Рыхлая физиономия Аббеса Гарсии растянулась в усмешке, он отер потное лицо платком огненного цвета.
– Как было бы легко – делать такие дела, не зная, кого это касается. Не злите меня, лейтенант. Коли прыгнул в воду, изволь вымокнуть. Он из движения «14 Июня», брат вашей бывшей невесты, по-моему. Луиса Хиль, не так ли? Ладно, всего хорошего, мы с вами еще поработаем. Если я вам понадоблюсь, вы знаете, где меня найти.
Лейтенант снова почувствовал руку Сальвадора на своем колене.
– Это ложь, Амадито, – хотел успокоить его Сальвадор. – Это мог быть кто угодно. Он тебя обманул. Чтобы раздавить тебя, чтобы ты почувствовал себя окончательно повязанным, совсем рабом. Забудь, что он тебе сказал. Забудь, что ты сделал.
Амадито кивнул. И очень спокойно указал на свой револьвер в кобуре.
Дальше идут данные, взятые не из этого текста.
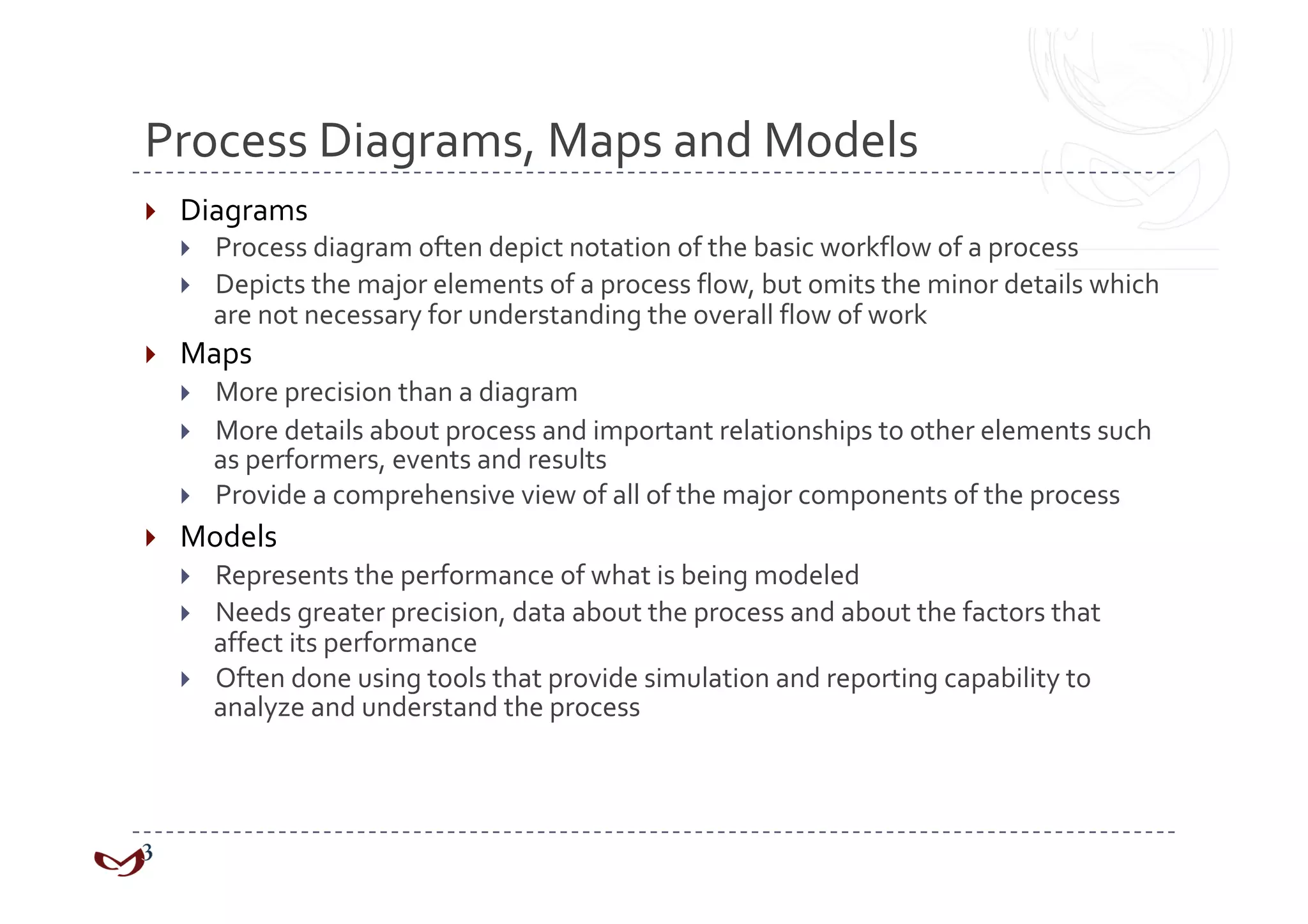 Process Diagrams, Maps and Models 
    Diagrams 
         Process diagram often depict notation of the basic workflow of a process 
         Depicts the major elements of a process flow, but omits the minor details which 
          are not necessary for understanding the overall flow of work 
    Maps 
         More precision than a diagram 
         More details about process and important relationships to other elements such 
          as performers, events and results 
         Provide a comprehensive view of all of the major components of the process 
    Models 
         Represents the performance of what is being modeled 
         Needs greater precision, data about the process and about the factors that 
          affect its performance 
         Often done using tools that provide simulation and reporting capability to 
          analyze and understand the process 
 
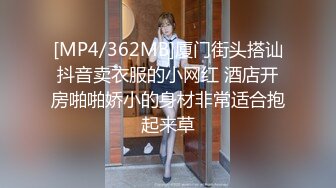 [MP4/362MB]厦门街头搭讪抖音卖衣服的小网红 酒店开房啪啪娇小的身材非常适合抱起来草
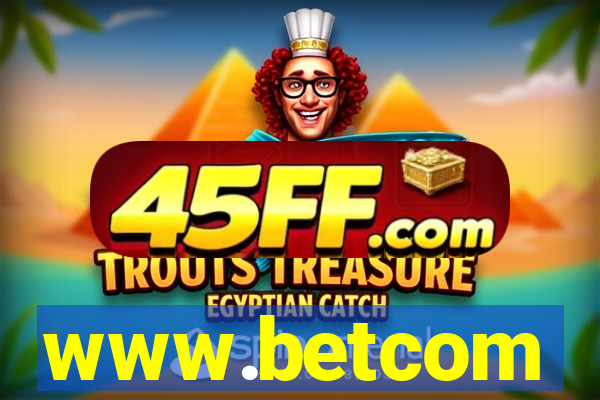 www.betcom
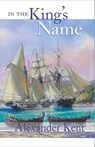 In the King's Name - Kent Alexander Kent - 9781590134818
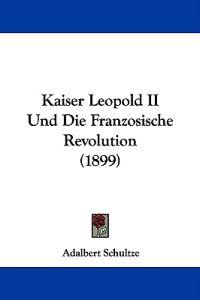 Kaiser Leopold II Und Die Franzosische Revolution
– Теперь, Турок, я выстрелю из него, только когда буду убивать Трухильо, – сказал он. – Вы с Тони Имбертом можете рассчитывать на меня, что бы то ни было. Теперь,
когда я прихожу, вам не надо менять тему разговора.
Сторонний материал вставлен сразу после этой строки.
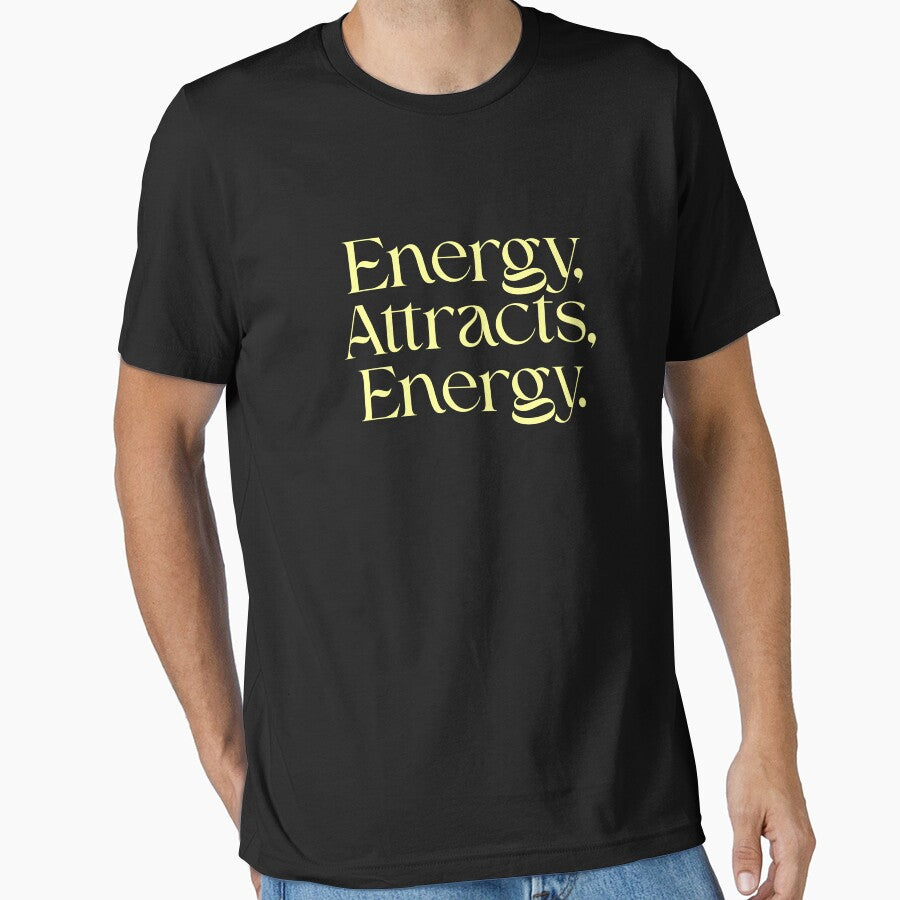 Energy Attracts Energy by EcoArtTees T-Shirts, Hoodie, Sweatshirt | BlankRebels.com (Image 1)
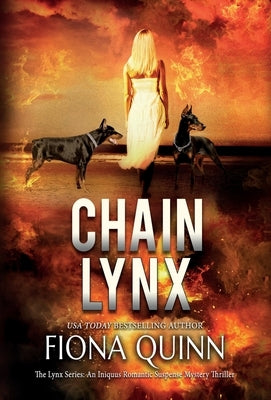 Chain Lynx: An Iniquus Romantic Suspense Mystery Thriller by Quinn, Fiona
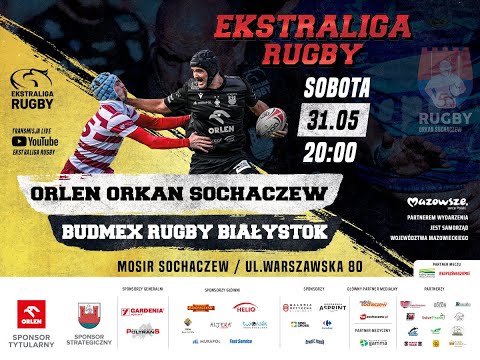 EKSTRALIGA RUGBY. ORLEN ORKAN SOCHACZEW - BUDMEX RUGBY BIAŁYSTOK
– Внимание, внимание, идет прямо на нас, – сказал Антонио де-ла-Маса, поднимая свой автомат с укороченным стволом на уровень окна, и приготовился стрелять.
Амадито и Эстрелья Садкала тоже сжали в руках оружие. Антонио Имберт включил зажигание. Однако автомобиль, двигавшийся в их сторону по Малекону, тихо, словно что-то отыскивая, оказался не «Шевроле», а маленьким «Фольксвагеном». Он стал тормозить, пока не заметил их. И тогда развернулся в их сторону. Остановился рядом и погасил фары.
IV
– Вы не подниметесь к нему? – говорит наконец сиделка. Урания знает, что этот вопрос рвется с губ женщины с того самого момента, как она вошла в домик на улице Сесара Николаса Пенсона и вместо того, чтобы попросить отвести в комнату к сеньору Кабралю, прошла на кухню и сварила кофе. И вот уже десять минут пьет его маленькими глоточками.
– Сначала я закончу завтракать, – отвечает она без улыбки, и сиделка в замешательстве опускает глаза. – Я набираюсь сил, чтобы подняться по лестнице.
– Я слышала, говорили, у вас с ним были какие-то расхождения, – извиняется женщина, не зная, что делать с руками. – Я просто так спросила. Я уже накормила сеньора завтраком и побрила. Он просыпается очень рано.
Урания кивает. Теперь она спокойна и уверена в себе. Еще раз окидывает взглядом разруху вокруг. Мало того, что краска на стенах облупилась, но столешница, шкаф, мойка – все усохло и покосилось. Неужели мебель та же самая? Она тут ничего не узнает.
– Кто-нибудь навещает его? Из родственников, я имею в виду.
– Дочери сеньоры Аделины, сеньора Лусиндита и сеньора Манолита, часто приходят, около полудня. – Женщина высокая, немолодая, под белым халатом – брюки, мнется на пороге, ей неловко. – Ваша тетя раньше бывала каждый день. Но после того, как сломала шейку бедра, из дому не выходит.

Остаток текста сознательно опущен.